University of Phoenix, pg. 1, 2013) Process Riordan Manufacturing produces their electric fans in China at their Hangzhou plant. The plant focuses on quantity versus quality concerning the production of the fans. Riordan needs to re-evaluate their operations and create a strategic capacity plan to increase the capacity, regulate the capacity, create a strategic plan to improve the supply chain procedure, and determine a more lean production environment.
The creation of a plan guides the company in a way to achieve higher performance metrics with lowering the cost. Riordan can achieve this goal by reviewing the up-to-date production levels and forecast new production levels and techniques. In order for Riordan to accomplish this they will evaluate and look into the areas of strategic planning, capacity, and lean production environments to increase their position to a stronger level of producing these custom electric fans.
This will increase the profit and lower the loss margin. Strategic Capacity Planning Strategic capacity planning “is a process that seeks to balance the use of available resources so that they are used to best effect while resulting in the optimum level of output”. (Wise Geek, pg. 1, 2013) Riordan will need to give a large amount of attention to the production process to ensure extra parts are not wasted/order and make sure that little waste was created throughout this process.
Through the strategic capacity planning process Riordan will be able to identify what costs are with the production of a specific number of finished fans and can do a comparison on that number to the price per unit versus the current market. Riordan’s strategic capacity planning will start with the selection of raw materials; start to finish production process, support expenses involved with the production, and the costs of shipping the sold fans to purchasers. This helps to keep inventory levels lower although still hold a certain level of inventory to meet the customer’s demand effectively.

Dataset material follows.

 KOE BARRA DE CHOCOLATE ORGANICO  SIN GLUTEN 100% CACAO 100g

Because plastic polymer is available worldwide, it can be purchased locally at the place of customer to reduce the margin of increment in cost of inventory. Lean Production Lean production is basically about getting more from less. Riordan’s goal is to decrease the quantity of resources required in the creation of custom fans while making the manufacturing more efficient. For lean production to occur Riordan needs to eliminate waste, use less labor, use less materials, and decrease the amount of space needed to reduce costs.
One method that may be beneficial to save the company money is to outsource. Outsourcing will help Riordan focus on additional business activities and will be able to distribute work globally by taking advantage of regional markets that outsourcing experts could provide. This will reduce operational costs. Project planning and preparation is the beginning step for starting the basic outline of implementation of the lean production in the China Plant.

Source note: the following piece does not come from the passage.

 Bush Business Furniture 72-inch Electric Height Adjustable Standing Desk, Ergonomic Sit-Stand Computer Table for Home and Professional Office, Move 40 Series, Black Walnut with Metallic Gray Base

Following steps are the requirement of gathering and analysis that will define the needs and improvement of existing fan process to create the design for implementation of the project. Supply Chain The Riordan plant in Hangzhou, China is experiencing insufficient order quantities of their customized electric fans. The estimates made on follow-on orders for these custom fans unfortunately are not forecasted. They are simply based on the customers indicating what there estimated requirements for the year will be.
The plant has difficulties estimating the exact amount of materials needed as occasional orders are received throughout the year against their customer contract’s yearly total. These occasional orders make the materials needed increase and are for varying quantities that require a review of Riordan capacity planning. To increase the supply chain process Riordan must review the capacity planning, forecasting processes, and supply chain management to determine the best process of change to enhance the operations, increase profits, and decreased wasted materials. Conclusion
Adequate planning and identification of bottel necks and the proposed solution for optimizing the operations of Riordan Manufacturing Chinese plant will assist with the process of receiving raw materials, handling customized purchases by customers, manufacturing of the electric fans, and shipping the delivery assists. These play a factor in minimizing the inventory and revenue loss while maximizing the customer satisfaction and profit from Hangzhou plant. The proposed solution incorporates the factors of existing system to implement new process for achieving the objective of the firm.